Politik und Firmen voneinander abhängig

Gleichzeitig sind aber auch die Regierungen – um ihre Ziele zu erreichen – auf die Kooperation mit den Unternehmen angewiesen. Und damit abhängig von den Launen von Milliardären wie Elon Musk oder Jeff Bezos. Unter anderem, weil deren Unternehmen sich schon so viel – nur begrenzt zur Verfügung stehendes – Funkspektrum für ihre Satelliten gesichert haben, dass eine staatlich geförderte Konkurrenz es sehr schwer hätte, sagt Andreas Knopp von Bundeswehr Universität München.
„Selbst, wenn sie sich heute entscheiden würden: ‚Na gut, dann machen wir es eben doch‘, werden sie Probleme bekommen – einfach in der Priorisierung einen guten Platz für Frequenzen einzunehmen. Da hat man in gewisser Weise schon den Anschluss auch ein bisschen verpasst.“

Angriff auf Satelliten ein Angriff auf die USA?
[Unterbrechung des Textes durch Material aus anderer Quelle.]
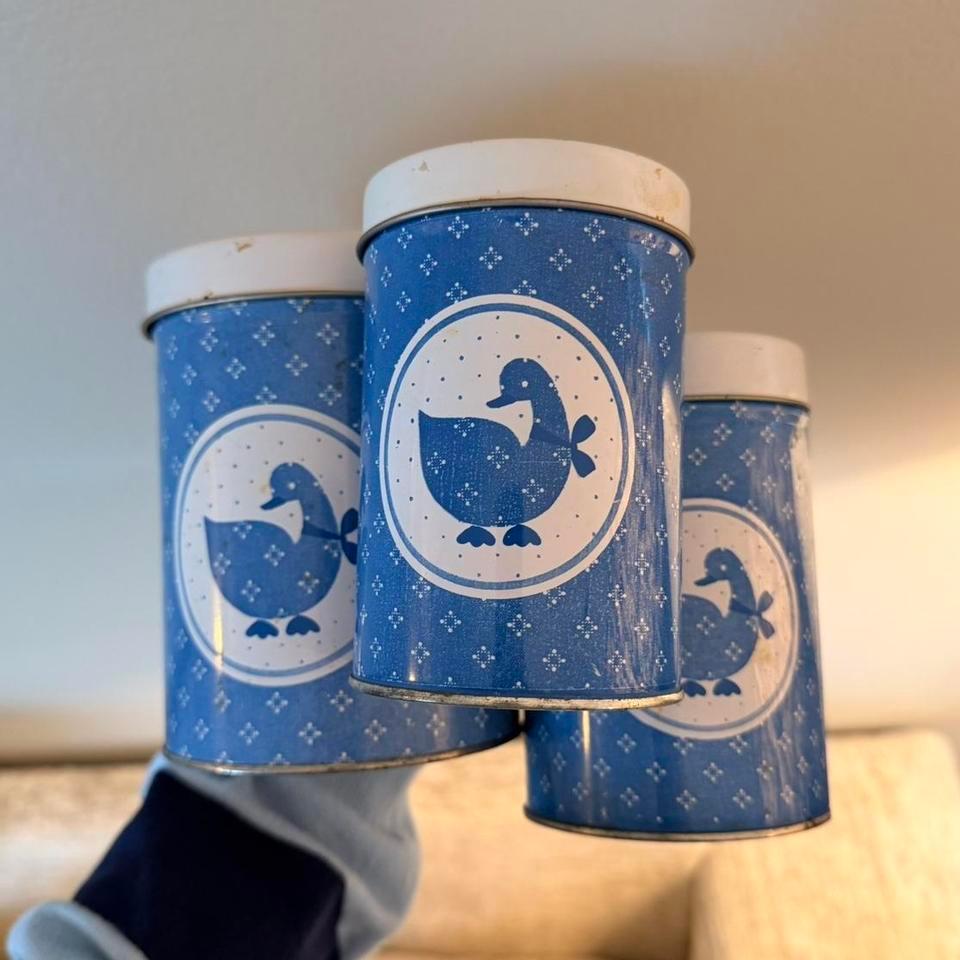 Vintage Blue Goose Tins Df5d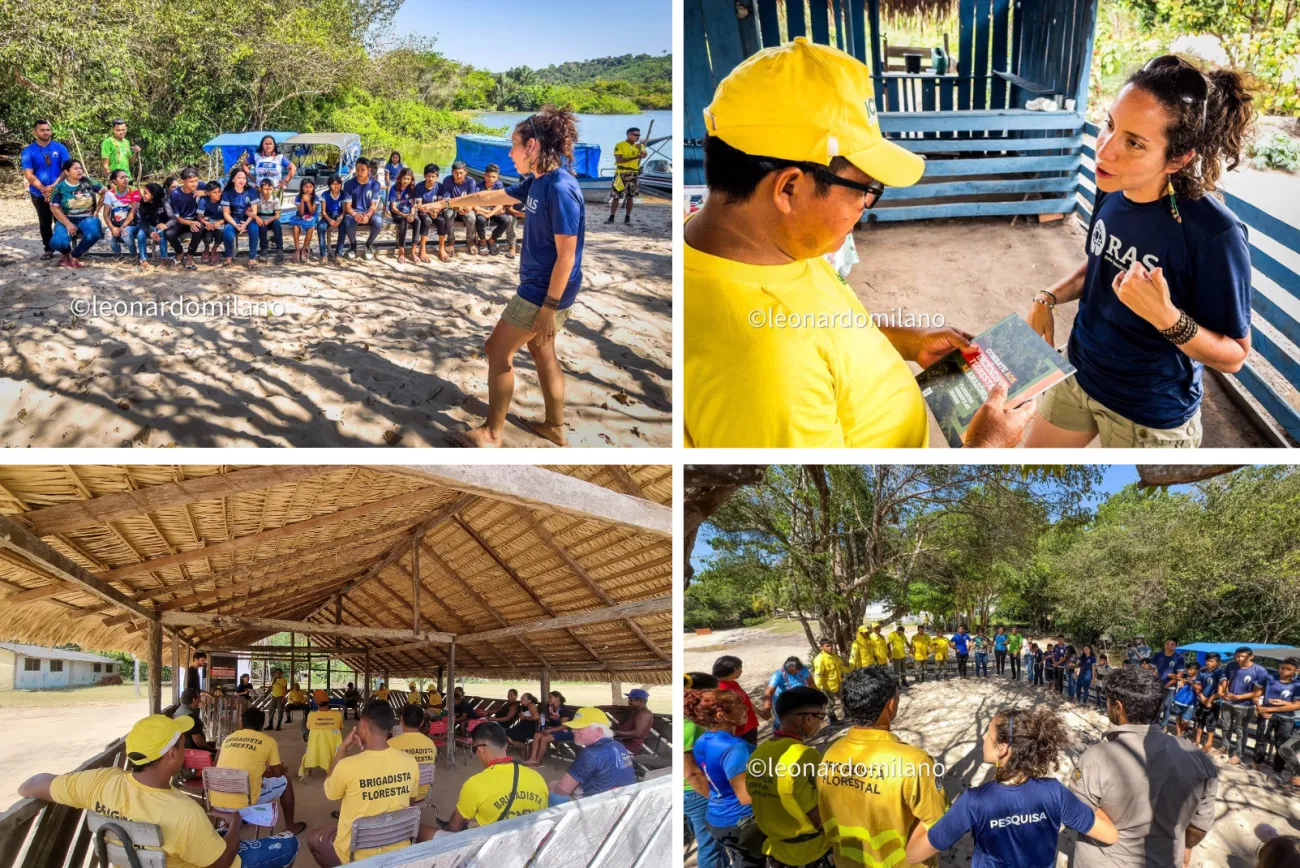 A gallery of four photos showing members of the tour meeting the communities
Während im Fall eines solchen, staatlich betriebenen und dann zum Beispiel militärisch genutzten Satelliten aber klar wäre, dass ein Angriff darauf ein Angriff auf eine offizielle militärische Infrastruktur wäre – werden die Regeln im Fall privat betriebener Strukturen wie Starlink gerade erst geschrieben.
Bei einem Arbeitstreffen von UN-Diplomaten im September in Genf warnte die russische Delegation etwa, dass auch privat betriebene Satelliten – sollten sie wie derzeit im Fall der Ukraine für militärische Zwecke genutzt werden – legitime Ziele für Vergeltungsmaßnahmen darstellen würden. Wenn das US-Verteidigungsministerium Elon Musks Forderung also nachgekommen wäre und Starlink finanziert hätte – ist ein Angriff auf die Satelliten dann ein Angriff auf die USA?